I'm new to this and not very smart and with that said what's wrong with your post? A lot! Someone fix him please!

fly_fisherman

04/11/14 10:01 AM

#45077 RE: cable #45075

GM Morning All...Not Sure What You...


In all, we would have about 420 million shares around the company.



are talking about...

There is no 420 million around the company.

After authorized reduction:

250 million A/S

168 Million O/S
22 Million Restricted
146 million Float - Pre BUYBACK
82 million A/S left available if need be for acquisition etc.

They have already said they do not plan to dilute, they are buying back.

SITS has NOT diluted since December 2012!!!

These events are NOTHING LIKE A 95% of the penny stocks out there that dilute dilute dilute and have BILLIONS OF A/S, O/S, AND FLOAT.

SITS is definitely in that 5% Golden category of penny stocks!!!

zoonall

04/11/14 10:02 AM

#45079 RE: cable #45075

just read the pr more closely

Afflictionx

04/11/14 10:06 AM

#45082 RE: cable #45075

The point of the company buying back our shares is that management knows that SITS will be performing very well in the near future.

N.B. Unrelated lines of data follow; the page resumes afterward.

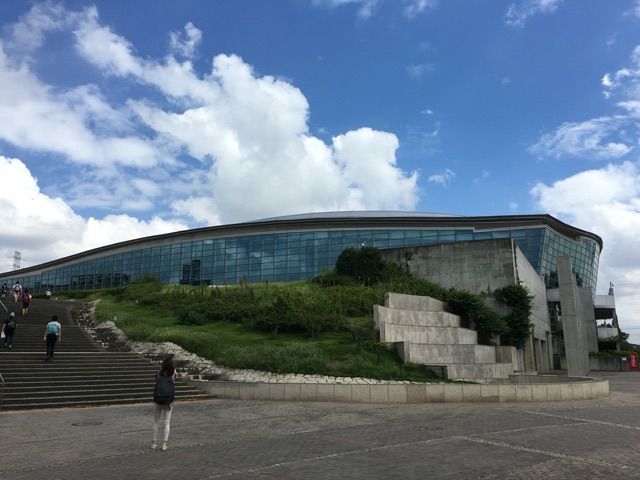 おかペンの水泳日記 第24回 16神奈川マスターズ長水路水泳大会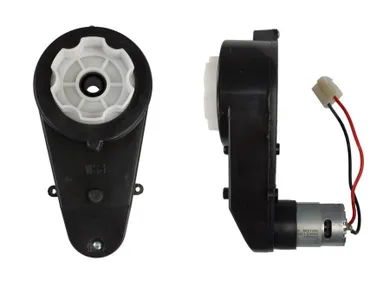 Lean Cars, silnik przekładnia do pojazdu na akumulator, 12V, 10000RPM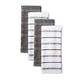thumbnail image 5 of Juego de toallas de cocina KitchenAid Albany, juego de 4, gr, 5 of 8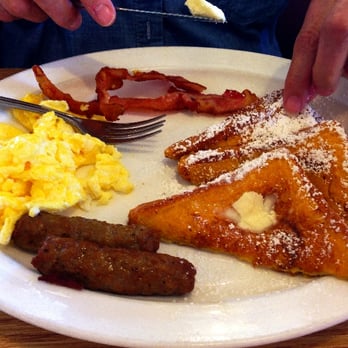 America's Kitchen - Scrambled eggs, french toast, two meats - Breakfast & Brunch Near Me - Galveston, Texas America's Kitchen - Scrambled eggs, french toast, two meats - Breakfast & Brunch Near Me - Galveston, Texas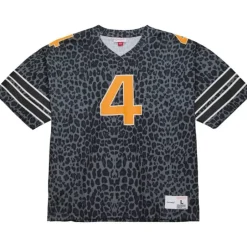 Men Mitchell & Ness T-Shirts & Tops-M&N X Mclaren Norris N&N Jersey Vegas Edition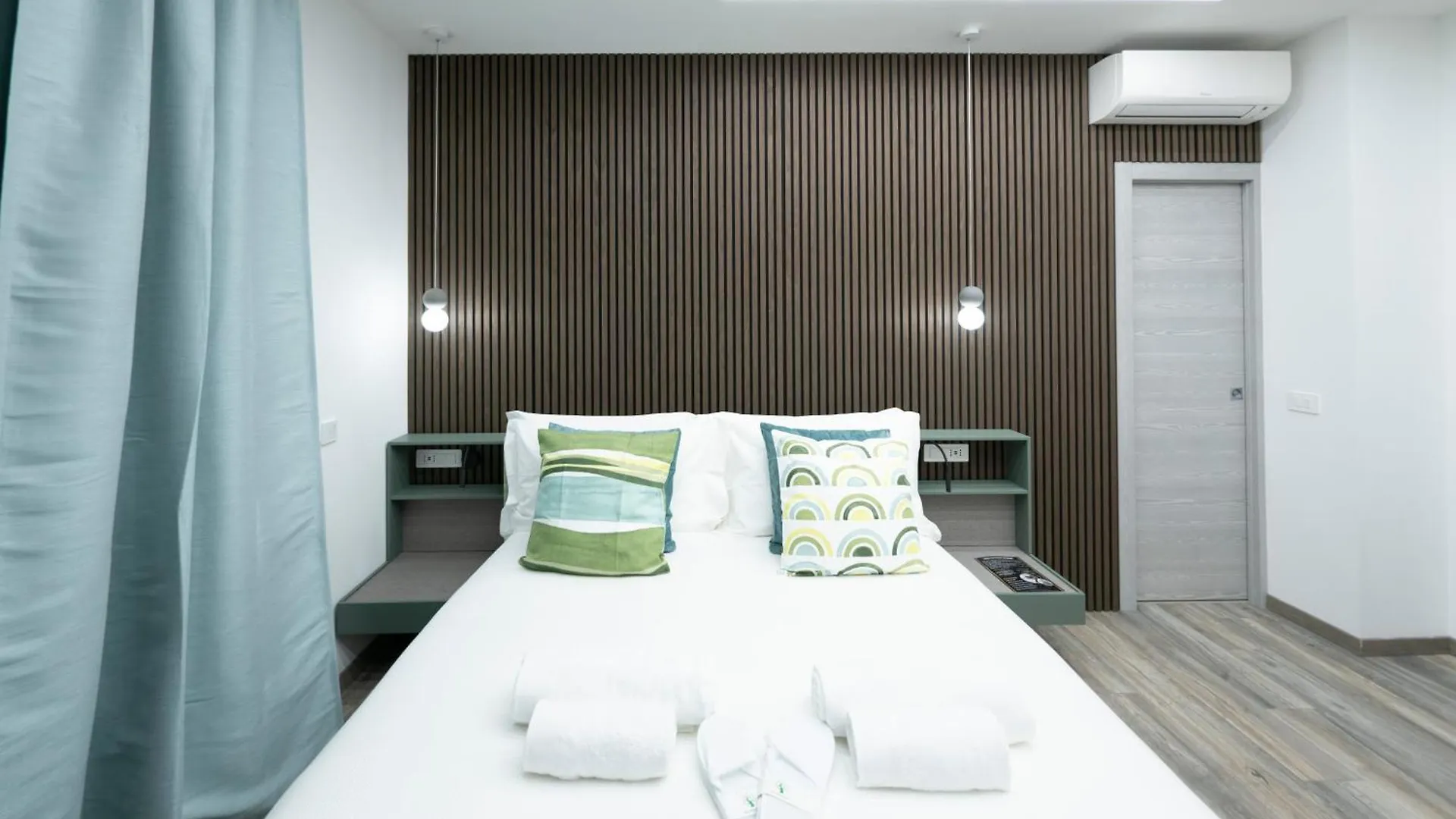New Luxury Rooms Rome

By having more shares in the treasury, the companies balance sheet gains strength on the assets side and equity side through the treasury account. This will in turn generate more wealth for the management as well as us the shareholders. If management merely issues new shares using the A/S, they will be diluting the share structure and float, potentially causing excess supply of the stock in the market and therefore causing the market price to fall along with the value of SITS as a whole.

deepandlong

04/11/14 10:12 AM

#45083 RE: cable #45075

Instead of just posting numbers, I am going to try to correct what you are looking at.

A/S, or authorized shares, are shares that the company has available. This is made up of oustanding shares (both float and restricted) and the shares that the company has available to sell or use for acquisitions (this is what dilution is.)

O/S, or outstanding shares, are what the company has already given out to raise capital. This is the number of shares that are in the market and define what percentage of the company someone owns (for example, if the O/S is 100 million shares, and you own 1 million shares, you own 1% of the company). These are made up of restricted and float shares.

Float is the number of shares that are available in the market place to trade on the open market. These are the common shares that are owned by individuals that do not have restrictions on trading them.

In the case of SITS, what they have done is

- lower the A/S to show that they will not be diluting the stock (which would be lowering your percentage ownership),
- decreased the number of outstanding shares by returning some restricted shares to the treasury (this increased your percentage of ownership of the company since there is a lower O/S)
- and are going to be doing a buyback of the float, (which will increase percentage ownership again).


All in all, they are making it so that we have way more ownership, without having to invest more money.

This is GREAT news for those of us with large positions and primes us to see the PPS increase dramatically.

Share buybacks are an alternative to dividends, where the investors see increased PPS (instead of cash in their accounts) due to the company spending its available capital to give to the investors rather than keeping internally.